*** Recorded information Section Begins ***

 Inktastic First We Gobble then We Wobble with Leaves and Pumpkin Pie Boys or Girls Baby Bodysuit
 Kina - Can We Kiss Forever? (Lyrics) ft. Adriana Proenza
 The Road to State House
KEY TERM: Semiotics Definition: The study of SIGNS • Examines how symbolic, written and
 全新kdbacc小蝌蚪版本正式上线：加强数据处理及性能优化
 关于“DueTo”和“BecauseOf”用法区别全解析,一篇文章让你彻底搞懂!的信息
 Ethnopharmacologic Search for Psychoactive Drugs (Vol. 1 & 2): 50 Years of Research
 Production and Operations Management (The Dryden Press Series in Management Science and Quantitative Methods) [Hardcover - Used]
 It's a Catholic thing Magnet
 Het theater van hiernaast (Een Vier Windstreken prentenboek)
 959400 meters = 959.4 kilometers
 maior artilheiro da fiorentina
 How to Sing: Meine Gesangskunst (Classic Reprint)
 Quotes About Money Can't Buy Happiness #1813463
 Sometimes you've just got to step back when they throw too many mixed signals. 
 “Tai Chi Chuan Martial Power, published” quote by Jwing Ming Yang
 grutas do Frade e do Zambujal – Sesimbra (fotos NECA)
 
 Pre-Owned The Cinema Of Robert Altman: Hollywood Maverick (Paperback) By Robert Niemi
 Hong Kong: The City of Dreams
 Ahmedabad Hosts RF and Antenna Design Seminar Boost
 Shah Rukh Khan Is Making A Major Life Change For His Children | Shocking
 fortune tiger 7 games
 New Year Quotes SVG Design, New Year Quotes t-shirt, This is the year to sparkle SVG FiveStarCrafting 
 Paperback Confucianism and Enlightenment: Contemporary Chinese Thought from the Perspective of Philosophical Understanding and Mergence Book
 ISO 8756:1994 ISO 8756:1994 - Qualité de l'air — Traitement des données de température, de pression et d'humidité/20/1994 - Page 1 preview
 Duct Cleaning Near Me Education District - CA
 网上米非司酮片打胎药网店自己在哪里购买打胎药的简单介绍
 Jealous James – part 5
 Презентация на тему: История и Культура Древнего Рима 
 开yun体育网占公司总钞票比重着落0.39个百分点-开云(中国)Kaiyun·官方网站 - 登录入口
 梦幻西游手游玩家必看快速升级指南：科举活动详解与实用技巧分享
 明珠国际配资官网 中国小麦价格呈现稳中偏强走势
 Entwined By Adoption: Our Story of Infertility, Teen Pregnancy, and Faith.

*** Recorded information Section Ends ***

Exercise instructions:
Each line of the listing above should be output exactly.

Written answer:
 Inktastic First We Gobble then We Wobble with Leaves and Pumpkin Pie Boys or Girls Baby Bodysuit
 Kina - Can We Kiss Forever? (Lyrics) ft. Adriana Proenza
 The Road to State House
KEY TERM: Semiotics Definition: The study of SIGNS • Examines how symbolic, written and
 全新kdbacc小蝌蚪版本正式上线：加强数据处理及性能优化
 关于“DueTo”和“BecauseOf”用法区别全解析,一篇文章让你彻底搞懂!的信息
 Ethnopharmacologic Search for Psychoactive Drugs (Vol. 1 & 2): 50 Years of Research
 Production and Operations Management (The Dryden Press Series in Management Science and Quantitative Methods) [Hardcover - Used]
 It's a Catholic thing Magnet
 Het theater van hiernaast (Een Vier Windstreken prentenboek)
 959400 meters = 959.4 kilometers
 maior artilheiro da fiorentina
 How to Sing: Meine Gesangskunst (Classic Reprint)
 Quotes About Money Can't Buy Happiness #1813463
 Sometimes you've just got to step back when they throw too many mixed signals. 
 “Tai Chi Chuan Martial Power, published” quote by Jwing Ming Yang
 grutas do Frade e do Zambujal – Sesimbra (fotos NECA)
 
 Pre-Owned The Cinema Of Robert Altman: Hollywood Maverick (Paperback) By Robert Niemi
 Hong Kong: The City of Dreams
 Ahmedabad Hosts RF and Antenna Design Seminar Boost
 Shah Rukh Khan Is Making A Major Life Change For His Children | Shocking
 fortune tiger 7 games
 New Year Quotes SVG Design, New Year Quotes t-shirt, This is the year to sparkle SVG FiveStarCrafting 
 Paperback Confucianism and Enlightenment: Contemporary Chinese Thought from the Perspective of Philosophical Understanding and Mergence Book
 ISO 8756:1994 ISO 8756:1994 - Qualité de l'air — Traitement des données de température, de pression et d'humidité/20/1994 - Page 1 preview
 Duct Cleaning Near Me Education District - CA
 网上米非司酮片打胎药网店自己在哪里购买打胎药的简单介绍
 Jealous James – part 5
 Презентация на тему: История и Культура Древнего Рима 
 开yun体育网占公司总钞票比重着落0.39个百分点-开云(中国)Kaiyun·官方网站 - 登录入口
 梦幻西游手游玩家必看快速升级指南：科举活动详解与实用技巧分享
 明珠国际配资官网 中国小麦价格呈现稳中偏强走势
 Entwined By Adoption: Our Story of Infertility, Teen Pregnancy, and Faith.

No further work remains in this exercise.